I do not understand how a respectable security agency could have authored such an insensitive statement shortly after someone was killed. The second statement released a few hours later was worse. The Police claimed to have “neutralised the killers of Ahmed Gulak”. That is the language of mobsters, not a civil institution responsible for maintaining law and order in a society. Besides, suspects are supposed to be tried in a court of law to ensure that innocent people are not punished for a crime they did not commit. Questions therefore remain as to how these alleged killers were identified and the process leading to their being “neutralised”.

Ordinarily, in a crime as heinous as homicide, you expect culprits to be arrested so that information can be extracted regarding motives and whether other actors were involved. It was particularly important in this case of a high-profile politician who had unwittingly been dragged into the politics of Imo State in the past three years. For the sake of those who may not remember, Gulak was the chair of the ruling All Progressives Congress (APC) gubernatorial primaries committee in Imo State in the prelude to the 2019 general election. The exercise ended in acrimony before the party headquarters intervened to disband the committee but nonetheless upheld the result announced by Gulak.

Perhaps because of that involvement in Imo politics, it is true that Gulak needed to have taken extra precaution. But that cannot justify the kind of statement put out by the police following his death. Gulak was in Owerri as a consultant for the National Assembly committee for the review of the Constitution. If a citizen cannot move freely in their own country, then we have a serious problem. Even at that, with less than 200,000 active policemen (the remaining are on guard duty with our ‘Big’ men and women) in a nation of more than 200 million people, the force does not have near enough personnel to shield every prominent citizen.
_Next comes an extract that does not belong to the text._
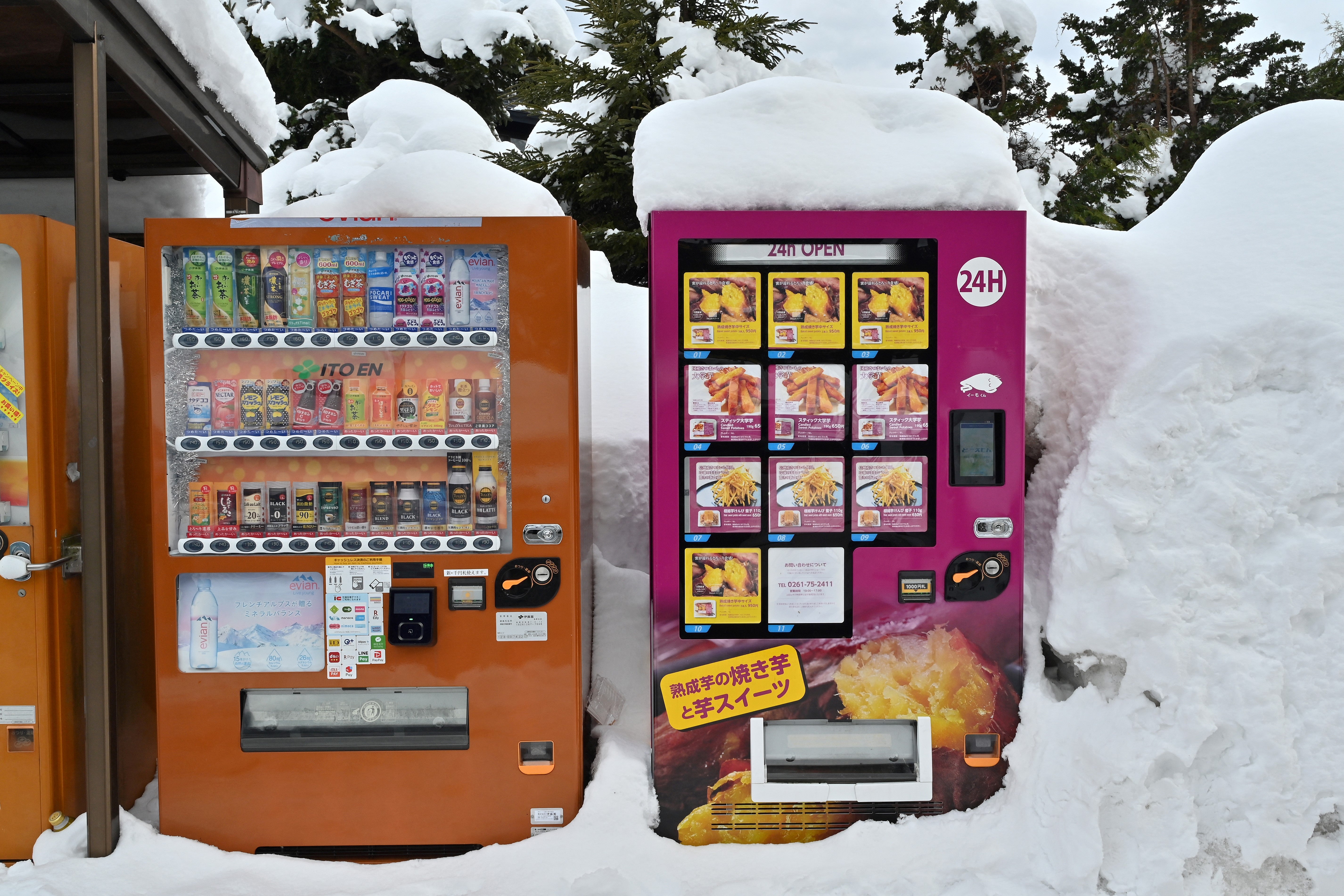Vending machines, including one for warm sweet potatoes (at R), covered in snow along a rest stop outside the ski resort town of Hakuba, Nagano prefecture. Reside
More disturbing of course was the second statement as to how the police were able to apprehend and deal with those they concluded were the killers based on the eyewitness account “given by the driver of the vehicle that was conveying Ahmed Gulak to the airport before the attack”. It was this driver who “gave a vivid description of the assailants and the vehicles they used in carrying out the attack.” Which is why the belated statement by the Southeast governors that the security agencies should “arrest the perpetrators and make them face justice” is rather ridiculous. How do you arrest men that have been ‘neutralised’?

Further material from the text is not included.